- Also known as: Stepan Turchak
- Born: February 28, 1938 Maćkowice, Second Polish Republic
- Died: October 23, 1988 (aged 50) Kiev, Ukrainian SSR, Soviet Union
- Genres: Classical
- Occupations: Conductor; Teacher;

= Stefan Turchak =

Soviet conductor (1938–1988)

Stefan Vasylovych Turchak (Note:
- Стефан Васильович Турчак
- Стефан Васильевич Турчак
- Stefan Wasylowicz Turczak
) (February 28, 1938 – October 23, 1988, sometimes given as Stepan) (Note:
- Степан
- Степан
) was an outstanding Ukrainian conductor, People's Artist of the USSR (1977) and a Laureate of the Shevchenko National Prize.

== Biography ==
Stefan Turchak was born in the village of Maćkowice, which is now Subcarpathian Voivodeship in Poland. He grew up in Dubliany.
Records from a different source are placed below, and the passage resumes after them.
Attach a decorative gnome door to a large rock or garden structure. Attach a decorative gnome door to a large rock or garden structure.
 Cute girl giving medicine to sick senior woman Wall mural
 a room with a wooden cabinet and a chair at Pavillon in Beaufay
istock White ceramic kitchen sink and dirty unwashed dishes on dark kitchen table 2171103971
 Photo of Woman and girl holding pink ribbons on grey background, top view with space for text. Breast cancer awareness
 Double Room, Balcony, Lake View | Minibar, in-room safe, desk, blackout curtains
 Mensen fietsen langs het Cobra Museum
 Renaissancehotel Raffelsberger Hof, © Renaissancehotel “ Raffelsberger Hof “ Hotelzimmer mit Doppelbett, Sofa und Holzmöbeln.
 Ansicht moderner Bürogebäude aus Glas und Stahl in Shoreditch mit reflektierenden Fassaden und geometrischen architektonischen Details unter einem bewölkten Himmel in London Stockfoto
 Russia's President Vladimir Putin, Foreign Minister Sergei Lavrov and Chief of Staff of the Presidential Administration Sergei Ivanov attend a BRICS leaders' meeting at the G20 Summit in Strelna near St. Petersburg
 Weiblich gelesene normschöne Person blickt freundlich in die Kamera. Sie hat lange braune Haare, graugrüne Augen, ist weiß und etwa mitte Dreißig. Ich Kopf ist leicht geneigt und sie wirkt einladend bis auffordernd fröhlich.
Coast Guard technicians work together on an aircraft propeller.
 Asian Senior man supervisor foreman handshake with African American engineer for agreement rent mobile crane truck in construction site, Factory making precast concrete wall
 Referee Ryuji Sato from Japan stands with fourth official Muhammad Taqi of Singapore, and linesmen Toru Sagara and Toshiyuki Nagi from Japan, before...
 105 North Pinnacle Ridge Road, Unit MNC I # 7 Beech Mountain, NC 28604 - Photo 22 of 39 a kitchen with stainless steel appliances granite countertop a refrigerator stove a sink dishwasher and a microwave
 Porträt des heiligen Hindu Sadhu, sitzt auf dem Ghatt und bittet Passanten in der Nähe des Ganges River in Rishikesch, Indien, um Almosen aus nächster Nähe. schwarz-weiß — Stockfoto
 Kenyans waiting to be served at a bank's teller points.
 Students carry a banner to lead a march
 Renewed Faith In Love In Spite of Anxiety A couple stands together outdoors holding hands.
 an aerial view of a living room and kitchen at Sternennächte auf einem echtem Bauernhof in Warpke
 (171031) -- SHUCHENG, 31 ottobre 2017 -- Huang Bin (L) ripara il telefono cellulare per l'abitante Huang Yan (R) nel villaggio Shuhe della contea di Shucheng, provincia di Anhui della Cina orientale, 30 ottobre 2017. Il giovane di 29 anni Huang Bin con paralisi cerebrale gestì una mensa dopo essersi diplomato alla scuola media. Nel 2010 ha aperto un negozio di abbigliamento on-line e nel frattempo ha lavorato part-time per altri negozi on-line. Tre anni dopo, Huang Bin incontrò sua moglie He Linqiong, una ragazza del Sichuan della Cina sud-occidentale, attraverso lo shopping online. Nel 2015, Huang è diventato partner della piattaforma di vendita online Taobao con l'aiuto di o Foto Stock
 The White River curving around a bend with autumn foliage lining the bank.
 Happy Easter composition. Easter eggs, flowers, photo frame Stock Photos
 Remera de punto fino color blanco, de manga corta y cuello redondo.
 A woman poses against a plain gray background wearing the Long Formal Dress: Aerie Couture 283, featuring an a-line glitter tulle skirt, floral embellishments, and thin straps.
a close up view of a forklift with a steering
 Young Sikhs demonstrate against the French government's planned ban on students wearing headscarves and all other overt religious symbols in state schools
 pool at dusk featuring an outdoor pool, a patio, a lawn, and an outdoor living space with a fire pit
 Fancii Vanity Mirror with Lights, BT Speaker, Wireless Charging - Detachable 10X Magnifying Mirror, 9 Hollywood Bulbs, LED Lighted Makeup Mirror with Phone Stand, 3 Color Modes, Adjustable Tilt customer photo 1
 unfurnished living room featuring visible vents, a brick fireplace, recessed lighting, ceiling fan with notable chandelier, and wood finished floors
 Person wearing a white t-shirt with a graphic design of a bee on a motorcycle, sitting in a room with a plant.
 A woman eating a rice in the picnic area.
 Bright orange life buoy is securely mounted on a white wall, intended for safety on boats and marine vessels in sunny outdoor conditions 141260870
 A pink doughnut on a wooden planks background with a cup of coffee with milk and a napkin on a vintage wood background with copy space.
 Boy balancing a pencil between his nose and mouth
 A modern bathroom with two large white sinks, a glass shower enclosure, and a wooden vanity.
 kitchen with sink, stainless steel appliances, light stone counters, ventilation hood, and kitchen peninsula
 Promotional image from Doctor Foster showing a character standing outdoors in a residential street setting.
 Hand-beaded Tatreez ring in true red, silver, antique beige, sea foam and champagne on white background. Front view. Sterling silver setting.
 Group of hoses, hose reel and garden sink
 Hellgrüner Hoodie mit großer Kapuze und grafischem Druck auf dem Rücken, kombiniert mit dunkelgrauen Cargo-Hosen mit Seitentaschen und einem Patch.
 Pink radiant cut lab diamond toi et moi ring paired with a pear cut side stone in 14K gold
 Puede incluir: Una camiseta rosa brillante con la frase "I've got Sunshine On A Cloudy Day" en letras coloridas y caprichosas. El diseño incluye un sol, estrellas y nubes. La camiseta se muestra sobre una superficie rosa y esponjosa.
In 1955, Stefan graduated from Filaret Kolessa Lviv Music and Pedagogical School. After that, he worked as a teacher of music and sang at the Sokal Pedagogical School. Then he organized a choir, which became famous in Sokal region for its performance of folk songs, and the girls' ensemble, which in 1957 even performed on the Kyiv stage.

From 1957 Turchak studied at Lviv Conservatory (conducting class of Mykola Kolessa), which he successfully finished in 1962.

Between 1960 and 1962 he was a conductor of the Solomiya Krushelnytska Lviv State Academic Theatre of Opera and Ballet.

From 1963 to 1966 and 1973 to 1977 he was a chief conductor of the National Symphony Orchestra of the Ukrainian SSR, from 1967 to 1973 and from 1977 - of the Kyiv Opera and Ballet Theater.

Since 1966 Stefan Turchak was head of the symphony orchestra and head of the Department of Opera and Symphony Conducting of the Kyiv Conservatory (since 1973 - Associate Professor).

He lived in Kyiv and died on October 23, 1988. Stefan Turchak was buried in Baikove Cemetery. The author of his tombstone was the sculptor Valentyn Znoba.

== Repertoire ==
Works of classical and modern music prevailed in the extensive repertoire of S. Turchak. He also paid special attention to both symphonic and operatic works of such Ukrainian composers as Levko Revutsky, Borys Lyatoshynsky, Heorhiy Maiboroda, Andriy Shtoharenko and toured abroad.

Turchak was the first director of such operas:

"Zahybel eskadry [Destruction of the Squadron]" (1967), "Mamai" (1970) by Vitaliy Hubarenko;

"Yaroslav Mudryj [Yaroslav the Wise]" by Heorhiy Maiboroda (1975);

"Praporonosci [Flag-bearers]" by Oleksandr Bilash (1985).

and ballets:

Vitaliy Hubarenko's "Kaminnyi hospodar" (1969);

"Olha" (1982) and "Prometej [Prometheus]" (1986) by Yevhen Stankovych.

== Awards ==
In 1973, Turchak was awarded the Z. P. Paliashvili State Prize of the Georgian SSR. Later on he also received such rewards as the People's Artist of USSR (1977), Honored Artist and the Order of the Red Banner of Labor.

In 1980, he was awarded the Shevchenko National Prize for his remarkable performing skills.

== Family ==
Turchak's wife, Hisela Tsypola, was an opera singer (soprano) and soloist of the National Opera of Ukraine.

== Legacy ==
Since 1994, the Stepan Turchak National Competition of Conductors has been held in Kyiv every 4 years. Since 2006 this competition is held at the international level.

There are also children's art schools in Kyiv and Dublyany, named after Stepan Turchak.